Available data START

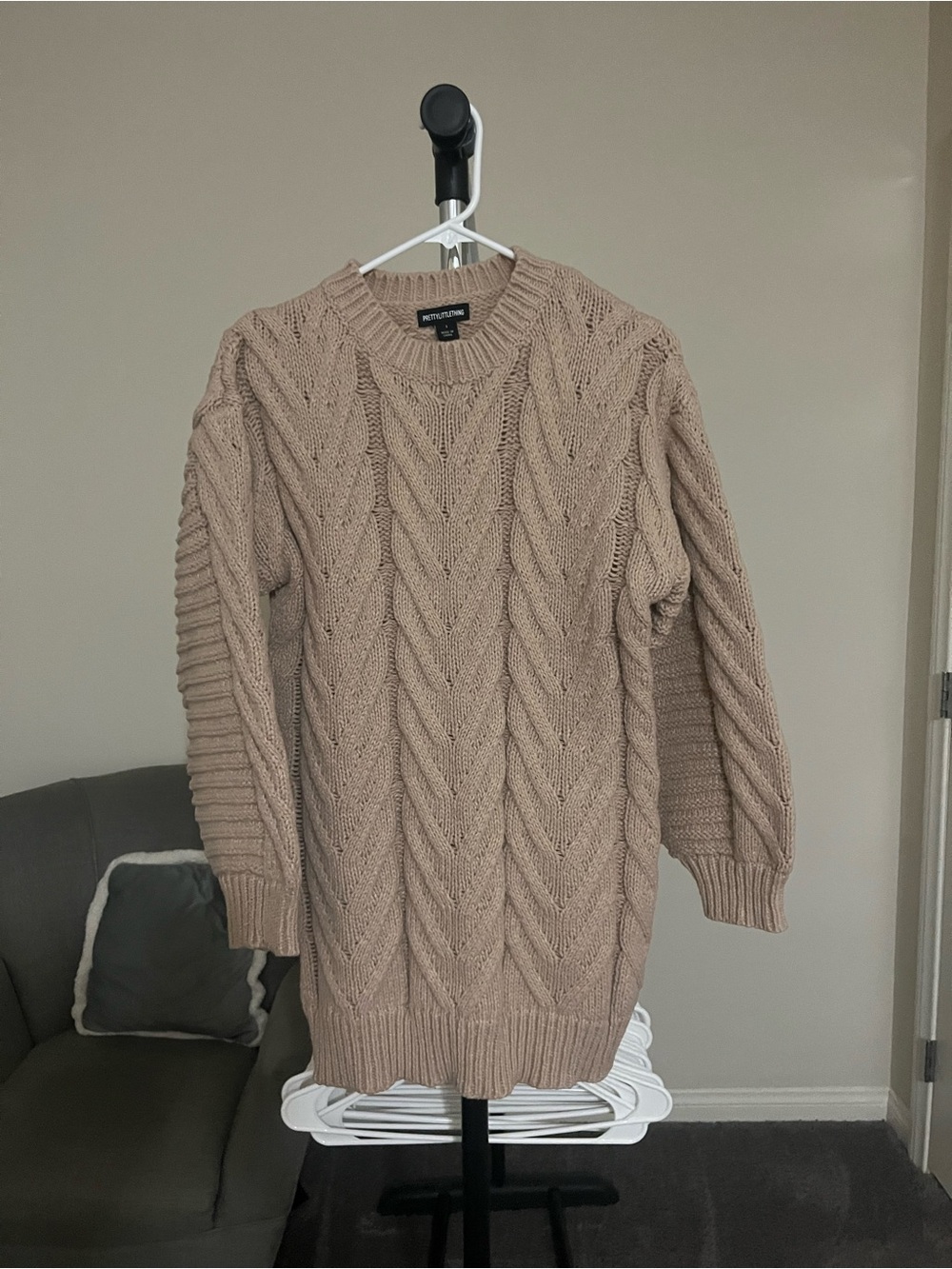 Pretty Little Thing Cable Knit Sweater - Taupe Size S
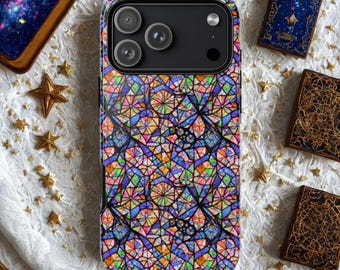 Estuche rígido con diseño floral celestial de vitrales, compatible con iPhone, Samsung Galaxy, Google Pixel, funda de teléfono, regalo para ella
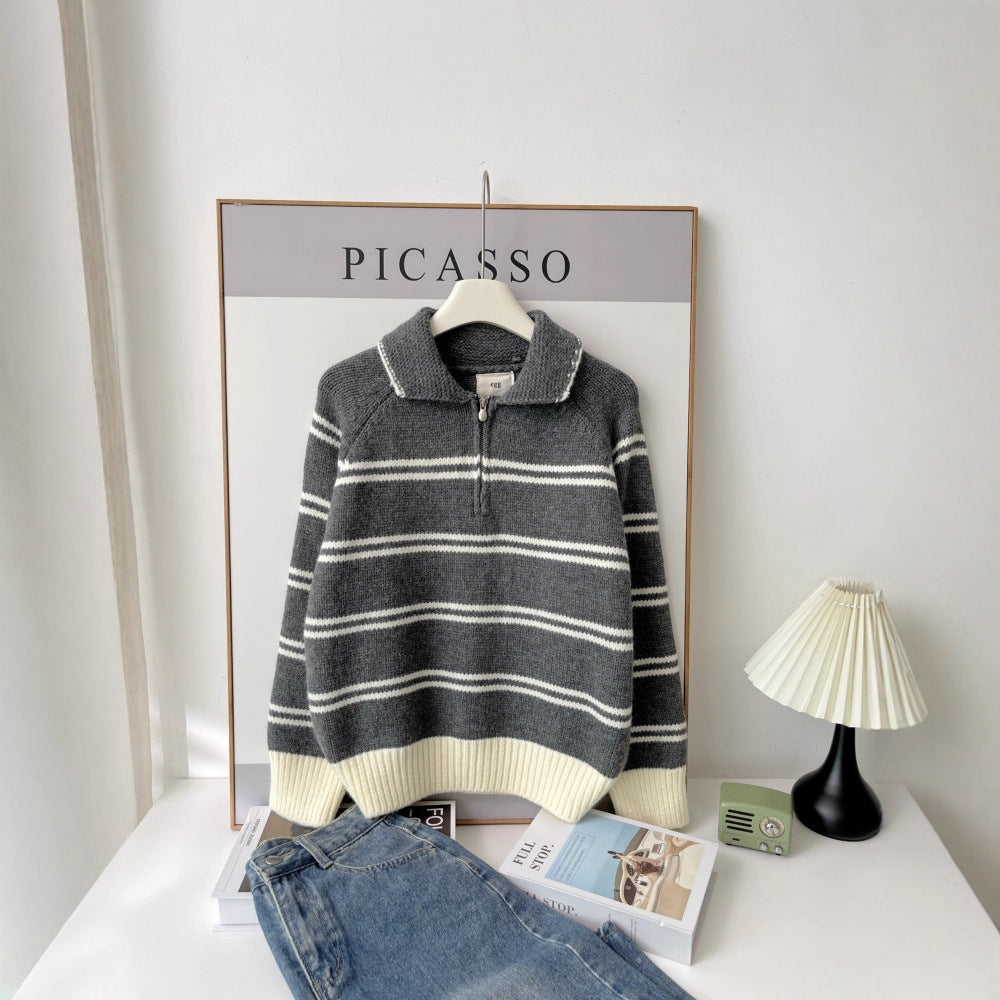 Women's knitted pullover with stripes and zipper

Available data END

■ **Brief**:
The answer should hold every line of the listing, copied exactly, with no pictures.

■ **Reply to the task**:
 Pretty Little Thing Cable Knit Sweater - Taupe Size S
 Estuche rígido con diseño floral celestial de vitrales, compatible con iPhone, Samsung Galaxy, Google Pixel, funda de teléfono, regalo para ella
 Women's knitted pullover with stripes and zipper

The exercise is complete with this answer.